Your task is to repeat exactly the lines below between the line holding "Những màn ăn" and the line holding "20 E Cedar Street Unit: 17C", inclusive, and only those.

Stored entries:
------------------------------
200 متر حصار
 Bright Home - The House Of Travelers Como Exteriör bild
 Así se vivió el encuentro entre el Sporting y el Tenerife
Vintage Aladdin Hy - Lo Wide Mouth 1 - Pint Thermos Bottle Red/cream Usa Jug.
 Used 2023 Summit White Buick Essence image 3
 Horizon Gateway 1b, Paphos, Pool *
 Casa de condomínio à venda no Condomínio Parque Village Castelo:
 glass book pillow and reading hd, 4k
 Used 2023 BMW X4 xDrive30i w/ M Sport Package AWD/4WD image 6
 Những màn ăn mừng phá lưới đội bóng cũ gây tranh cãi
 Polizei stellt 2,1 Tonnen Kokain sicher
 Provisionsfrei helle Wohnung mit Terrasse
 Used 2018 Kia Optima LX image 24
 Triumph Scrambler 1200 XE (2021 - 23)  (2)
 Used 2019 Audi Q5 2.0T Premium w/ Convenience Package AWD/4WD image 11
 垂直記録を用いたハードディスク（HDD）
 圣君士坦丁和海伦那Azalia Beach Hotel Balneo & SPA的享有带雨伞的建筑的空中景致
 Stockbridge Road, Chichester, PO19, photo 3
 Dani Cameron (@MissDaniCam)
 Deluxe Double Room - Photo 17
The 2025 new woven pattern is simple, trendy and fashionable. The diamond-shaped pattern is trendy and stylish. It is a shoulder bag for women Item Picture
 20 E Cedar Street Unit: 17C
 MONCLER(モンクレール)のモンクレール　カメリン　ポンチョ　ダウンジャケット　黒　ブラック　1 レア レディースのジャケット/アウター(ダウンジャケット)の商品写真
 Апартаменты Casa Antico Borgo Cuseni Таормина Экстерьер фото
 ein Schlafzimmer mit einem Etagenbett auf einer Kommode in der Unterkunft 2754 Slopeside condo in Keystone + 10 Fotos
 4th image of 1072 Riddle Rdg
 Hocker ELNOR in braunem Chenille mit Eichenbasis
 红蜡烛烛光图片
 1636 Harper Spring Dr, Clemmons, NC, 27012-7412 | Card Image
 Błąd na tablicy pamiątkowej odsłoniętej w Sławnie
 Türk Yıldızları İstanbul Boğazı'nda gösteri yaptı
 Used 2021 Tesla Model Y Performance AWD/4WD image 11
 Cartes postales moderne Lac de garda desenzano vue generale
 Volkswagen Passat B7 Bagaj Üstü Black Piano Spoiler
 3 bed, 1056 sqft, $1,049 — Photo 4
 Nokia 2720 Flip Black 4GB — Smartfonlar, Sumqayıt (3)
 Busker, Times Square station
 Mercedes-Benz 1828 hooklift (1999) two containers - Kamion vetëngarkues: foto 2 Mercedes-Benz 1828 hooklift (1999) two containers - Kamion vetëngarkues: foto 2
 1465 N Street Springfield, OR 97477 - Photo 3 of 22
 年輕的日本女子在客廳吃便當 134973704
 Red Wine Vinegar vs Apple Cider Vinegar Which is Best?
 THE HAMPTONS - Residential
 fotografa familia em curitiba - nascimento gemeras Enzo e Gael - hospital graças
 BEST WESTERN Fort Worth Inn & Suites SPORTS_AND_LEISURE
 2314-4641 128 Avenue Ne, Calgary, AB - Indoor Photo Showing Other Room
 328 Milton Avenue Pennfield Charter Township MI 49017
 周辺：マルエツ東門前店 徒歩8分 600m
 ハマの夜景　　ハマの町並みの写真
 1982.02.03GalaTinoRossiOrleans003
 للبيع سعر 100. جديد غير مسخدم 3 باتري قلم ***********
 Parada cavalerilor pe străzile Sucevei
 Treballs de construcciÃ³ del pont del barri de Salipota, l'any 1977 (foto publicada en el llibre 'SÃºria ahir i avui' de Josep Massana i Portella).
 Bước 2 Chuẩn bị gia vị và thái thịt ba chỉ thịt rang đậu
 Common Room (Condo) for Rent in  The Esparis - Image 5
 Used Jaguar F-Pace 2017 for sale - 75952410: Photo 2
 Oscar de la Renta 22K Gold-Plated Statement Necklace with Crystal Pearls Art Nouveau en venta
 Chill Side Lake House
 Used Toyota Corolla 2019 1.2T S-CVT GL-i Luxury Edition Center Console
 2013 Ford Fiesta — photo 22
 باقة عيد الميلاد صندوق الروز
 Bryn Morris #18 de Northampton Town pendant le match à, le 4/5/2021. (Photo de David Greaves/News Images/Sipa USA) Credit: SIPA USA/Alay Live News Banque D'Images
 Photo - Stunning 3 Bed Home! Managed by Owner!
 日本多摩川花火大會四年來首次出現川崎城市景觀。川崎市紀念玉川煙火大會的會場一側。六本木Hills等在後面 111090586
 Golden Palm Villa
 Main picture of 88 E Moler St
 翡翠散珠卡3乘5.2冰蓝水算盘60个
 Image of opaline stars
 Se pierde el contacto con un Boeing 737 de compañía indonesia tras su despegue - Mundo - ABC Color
------------------------------
ANSWER FOR THIS EXERCISE »
 Những màn ăn mừng phá lưới đội bóng cũ gây tranh cãi
 Polizei stellt 2,1 Tonnen Kokain sicher
 Provisionsfrei helle Wohnung mit Terrasse
 Used 2018 Kia Optima LX image 24
 Triumph Scrambler 1200 XE (2021 - 23)  (2)
 Used 2019 Audi Q5 2.0T Premium w/ Convenience Package AWD/4WD image 11
 垂直記録を用いたハードディスク（HDD）
 圣君士坦丁和海伦那Azalia Beach Hotel Balneo & SPA的享有带雨伞的建筑的空中景致
 Stockbridge Road, Chichester, PO19, photo 3
 Dani Cameron (@MissDaniCam)
 Deluxe Double Room - Photo 17
The 2025 new woven pattern is simple, trendy and fashionable. The diamond-shaped pattern is trendy and stylish. It is a shoulder bag for women Item Picture
 20 E Cedar Street Unit: 17C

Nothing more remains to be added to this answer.